In Memoriam: Anthony Hicks 1955-1962

Anthony Hicks was born in Swansea in 1943 and attended Dynevor School from 1955 until 1962; he was Head Boy in his final year at the school and may be seen as such in one of the images (Row 3, far RH side) to be found at https://dynevorrevisited.org.uk/year-of-1955/ 

The following Obituary by David Vickers appeared in Gramophone on 23 June 2010.

Anthony Hicks, Handel scholar

In Memoriam Anthony Hicks

The distinguished musicologist, author, editor and critic Anthony Hicks passed away peacefully last month after a long struggle with pulmonary fibrosis. Gifted with an encyclopaedic mind and broad range of musical interests, during the mid-1960s he read Mathematics at King’s College, London, but his heart was not in it; an amateur trumpeter and conductor, he became intensely interested in Baroque music. At first obsessed with Telemann, Hicks researched tirelessly and developed an influential passion for Handel, becoming a staunch advocate for correct and complete performances of the composer’s works using period instruments and historically-informed styles.

After working in the city briefly, he had a long career as a computer systems analyst at the University of London until he took early retirement in 1993. During all this time Hicks contributed enormously to the writings of other more famous Handelian authors, not least assisting substantially to seminal books by Winton Dean, Christopher Hogwood and Jacob Simon. His own independent achievements were impressive: the Handel article in the most recent edition of New Grove (including the exhaustively researched work-list); most of the Handel opera entries in the New Grove Dictionary of Opera; a superb essay on the role of librettist Charles Jennens in the composition of Saul; a penetrating study of John Christopher Smith’s contributions to Handel’s late oratorio performances.

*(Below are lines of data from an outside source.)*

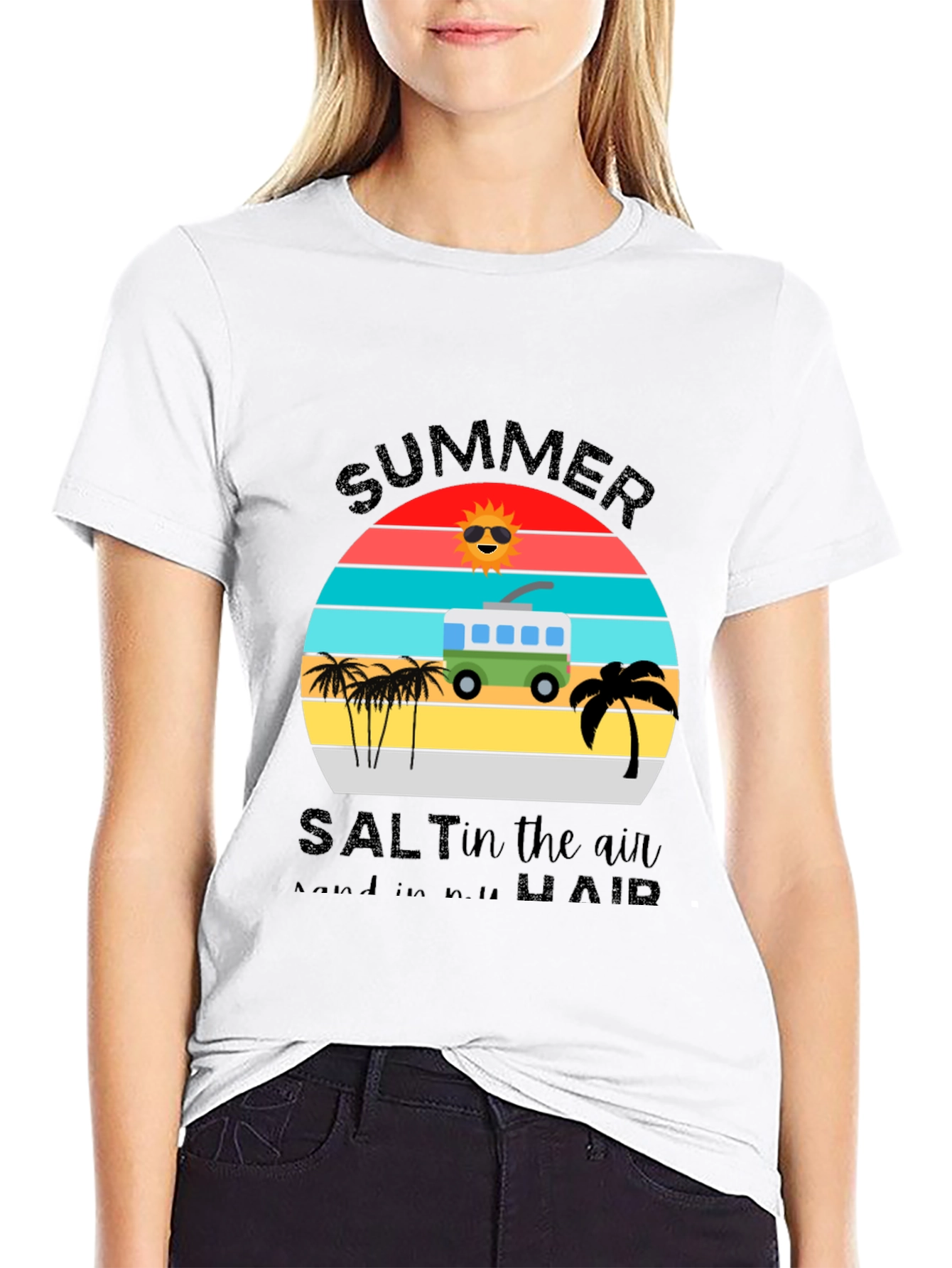 Summer Salt Air T-Shirt: Retro Van & Palm Design
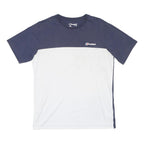BERGHAUS Mens Blue & White Graphic T-Shirt L Short Sleeve Crew Neck Casual Wear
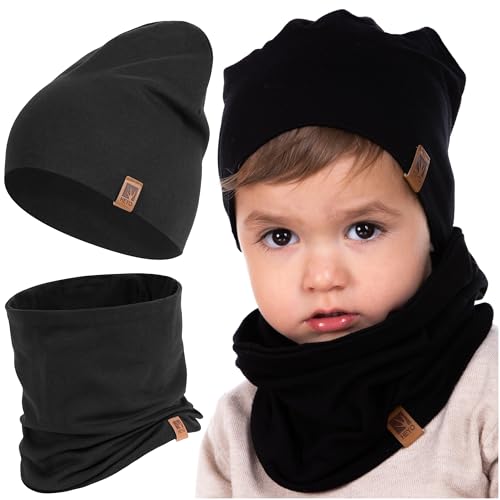 HEYO Kinder Set Beanie Mütze Schlauchschal Baumwolle Rundschal...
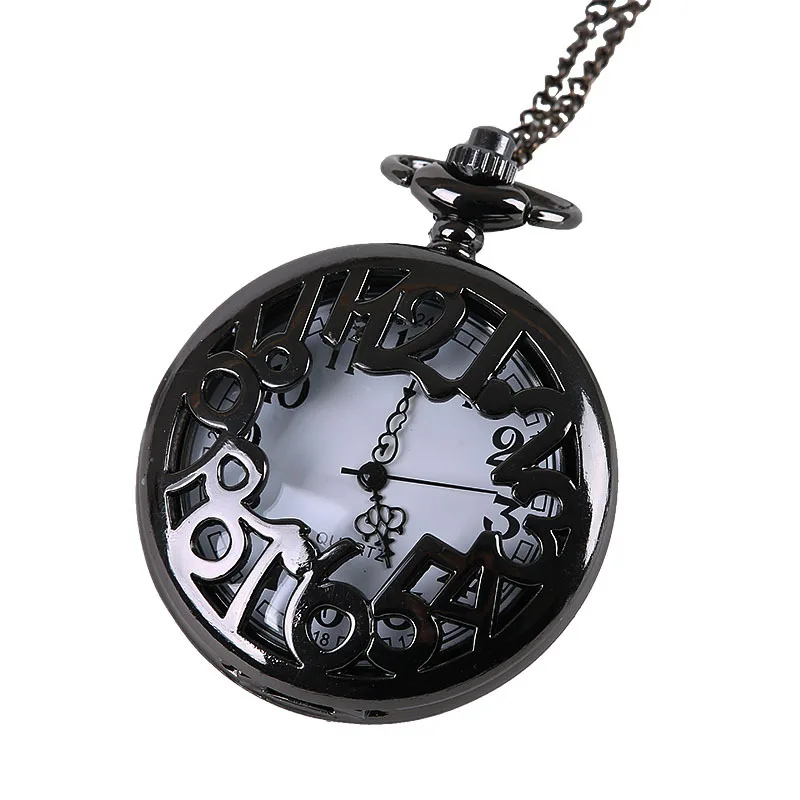 

Quartz pocket watch Vintage Creative Black Carved with Big Arabic Numerals Design Fashion Pocket Watch with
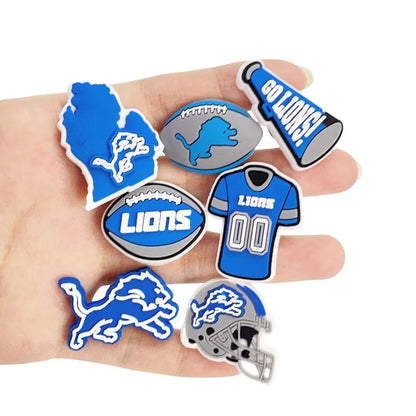 10-Piece Football Shoe Charm Set for Clogs and Slides – Lions Theme PVC Accessories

Hicks also co-edited an important collection of essays on Handel with Stanley Sadie, who nurtured Hicks’s writing of book, printed music and performance reviews in the Musical Times.

Since his death, a host of music scholars from different disciplines have unanimously paid tribute to Hicks’s willingness to freely share information from his remarkable mind, obscure materials from his enormous archive (bequeathed to the Handel Institute) and use his expertise to help musicians and scholars.

Many pioneering recording and performance projects were guided by Hicks’s generous and often anonymous support. In particular, he developed a close relationship with the Academy of Ancient Music and many of his unpublished performing editions were prepared meticulously for modern premieres at the London Handel Festival. Hicks played a major part in shaping the quality and integrity of many valuable Handel recordings, not just those by Christopher Hogwood, but also projects directed by Paul McCreesh, Robert King, Trevor Pinnock, Emma Kirkby, John Eliot Gardiner, Alan Curtis and many others. He also discovered Handel’s musical setting of songs from Milton’s masque Comus.

Intent on learning as much as possible about the composer’s Italian period, and wishing to make accurate translations of libretti, Hicks even taught himself fluent literary Italian (despite never managing to visit Italy); he was also a leading authority on Handel’s Roman oratorios. For many years he worked on a critical edition of Saul (still unpublished, but the basis of Paul McCreesh’s acclaimed DG recording), having made his scholarly debut in 1969 with a blisteringly critical review of the flawed edition of the oratorio published by the HallischeHändelAusgabe. In 1983 Hicks was part of a team of British scholars that worked intensively to transform the HHA into an international project applying rigorous academic standards. He was also a founder council member of the Handel Institute and the Stanley Sadie Handel Recording Prize.

Anthony was a quiet and shy man who never sought the public eye. But, paradoxically, he was renowned for his polemical sharpness with scholars and musicians who fell short of his own meticulous standards, whether through slackness or cynical commercialism (which he deplored). He fearlessly berated the follies and hype of the period-instrument movement (famously once blasting one recording by eminent experts as the work of “silly pluckers” because of their whimsical over-use of lutes in the continuo section) and he could be irritable about the imperfections or dishonesty of others who, he felt, were betraying the interests of the general public. For many years, he shared his insights with clarity and wisdom through formats ignored by most musicologists, such as reviews of CDs (for Early Music Review) and printed music. One of Hicks’s greatest gifts was his passion for sharing new information and reliable scholarship with the general music-loving public through his superbly written programme and CD booklet notes.

Despite giving a large number of wonderful conference papers during the last few decades, Anthony was seldom content enough with his work to publish it in definitive forms. Since 2007 he was a Research Fellow at the Open University, working in collaboration with Donald Burrows on a new complete survey of all known documents relating to Handel from the composer’s lifetime. Almost completed before his untimely illness, this final project is still on course for publication and will probably become the finest and most permanent scholarly monument to Hick’s obsession for Handel.

Moreover, he was a conscientious and critical reader of Gramophone for many years. He will be sorely missed by Handel scholars, performers and audiences.